* [Data excerpts]:
[Start of Attachment]

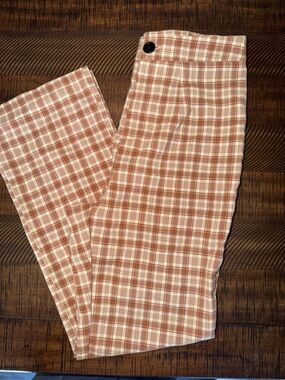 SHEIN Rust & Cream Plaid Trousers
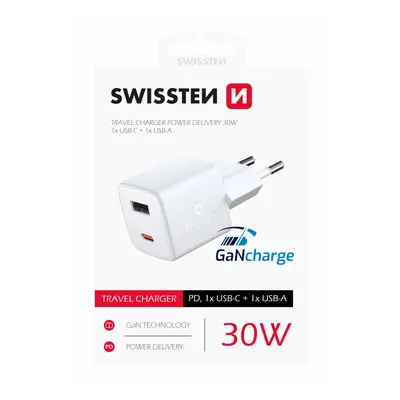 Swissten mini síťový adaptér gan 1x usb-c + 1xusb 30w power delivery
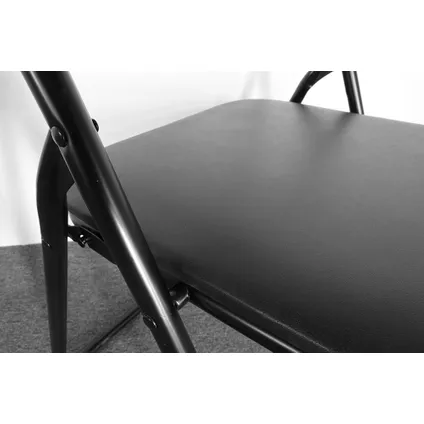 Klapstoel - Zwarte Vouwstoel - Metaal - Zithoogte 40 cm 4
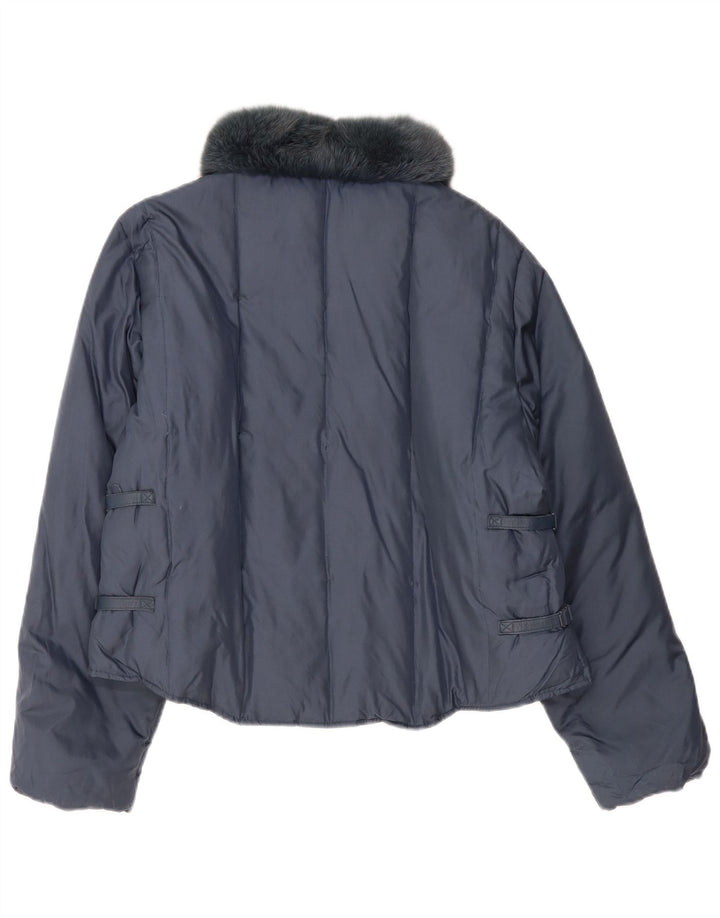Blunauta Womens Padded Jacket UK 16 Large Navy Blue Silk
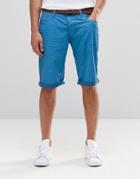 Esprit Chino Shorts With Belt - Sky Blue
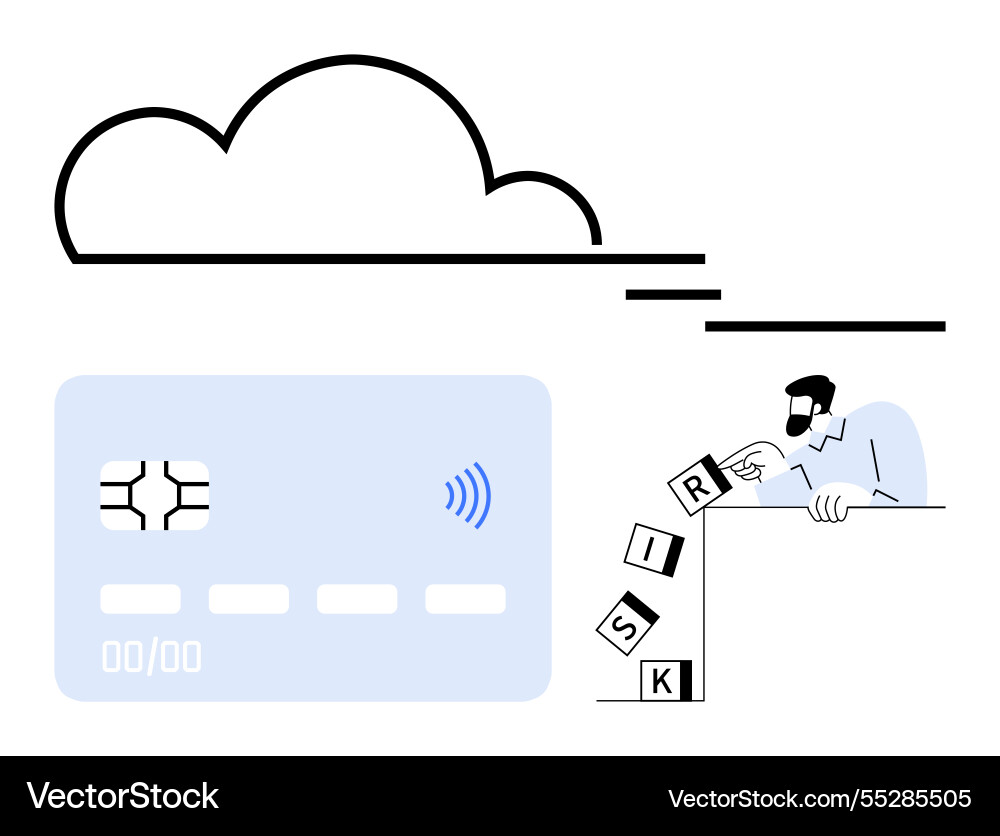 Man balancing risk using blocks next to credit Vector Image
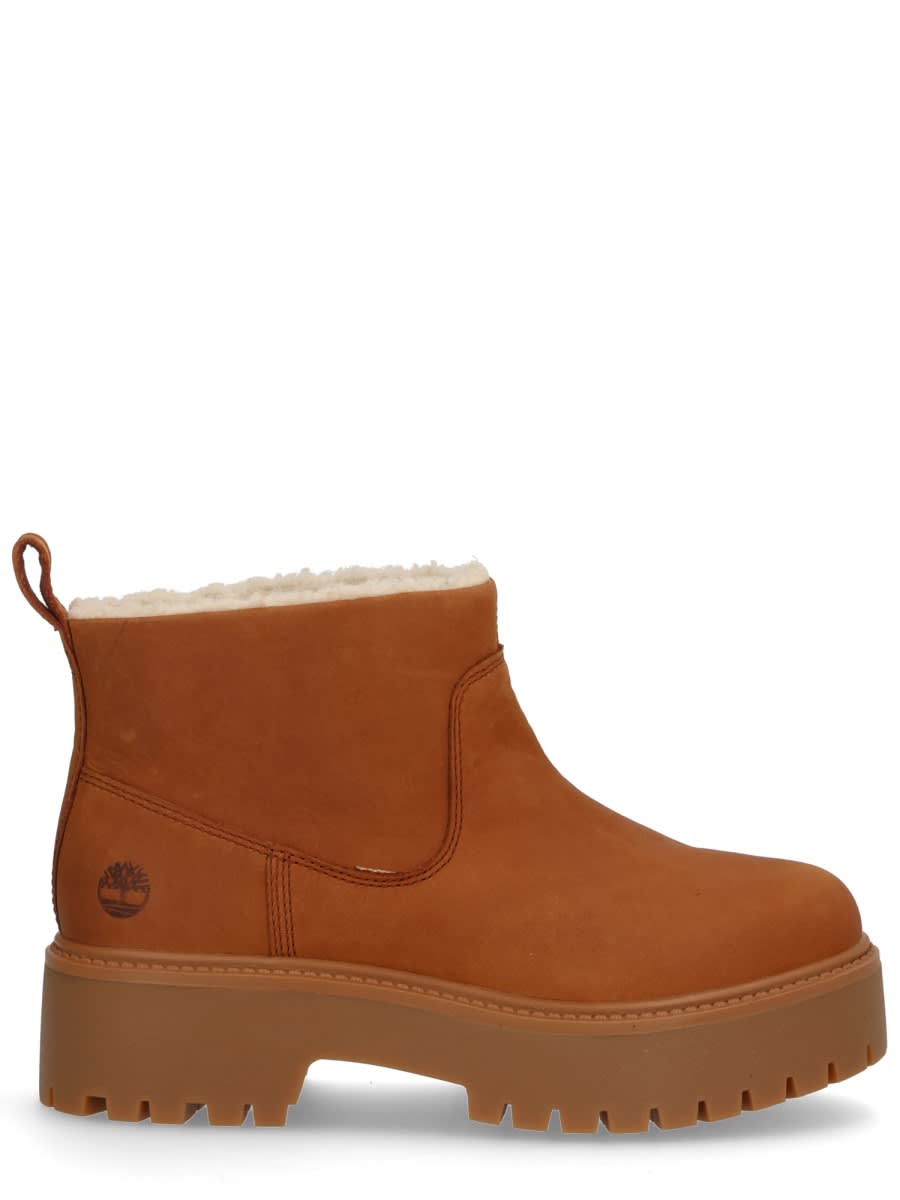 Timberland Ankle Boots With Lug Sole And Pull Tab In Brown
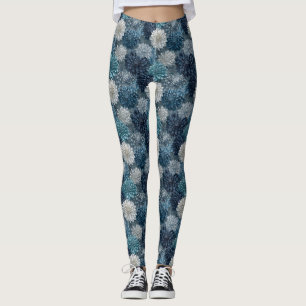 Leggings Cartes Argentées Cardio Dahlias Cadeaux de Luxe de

[End of Attachment]
[Start of Attachment]

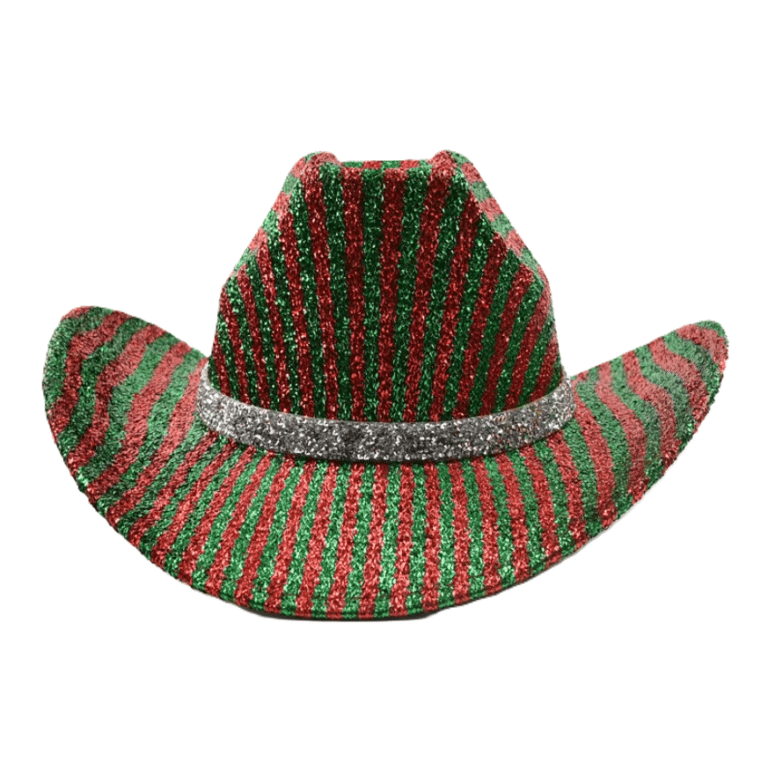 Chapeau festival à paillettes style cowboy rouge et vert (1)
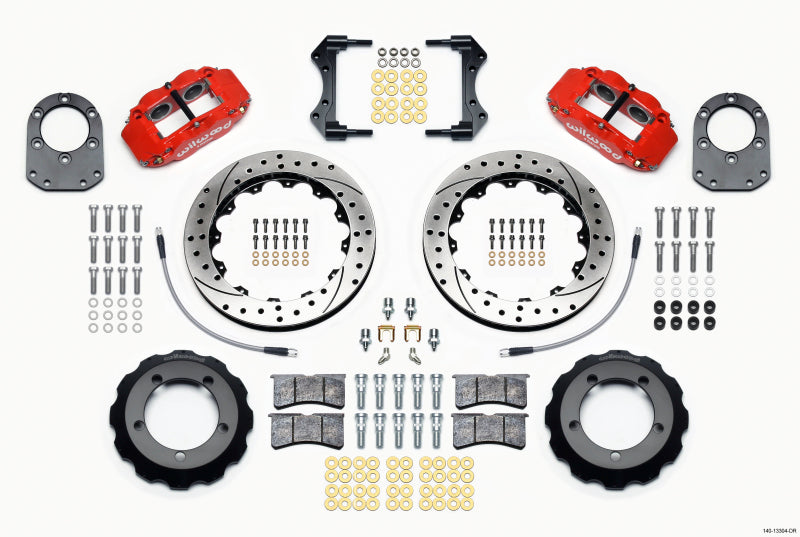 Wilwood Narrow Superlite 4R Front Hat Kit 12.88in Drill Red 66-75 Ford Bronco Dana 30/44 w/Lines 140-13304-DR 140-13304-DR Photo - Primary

[End of Attachment]

Take the material above and output only the lines from the one that contains "Timberland Ankle Boots" through the one that contains "Leggings Cartes Argentées", ends included and images left out.

* [Task answer]:
 Timberland Ankle Boots With Lug Sole And Pull Tab In Brown
 Leggings Cartes Argentées Cardio Dahlias Cadeaux de Luxe de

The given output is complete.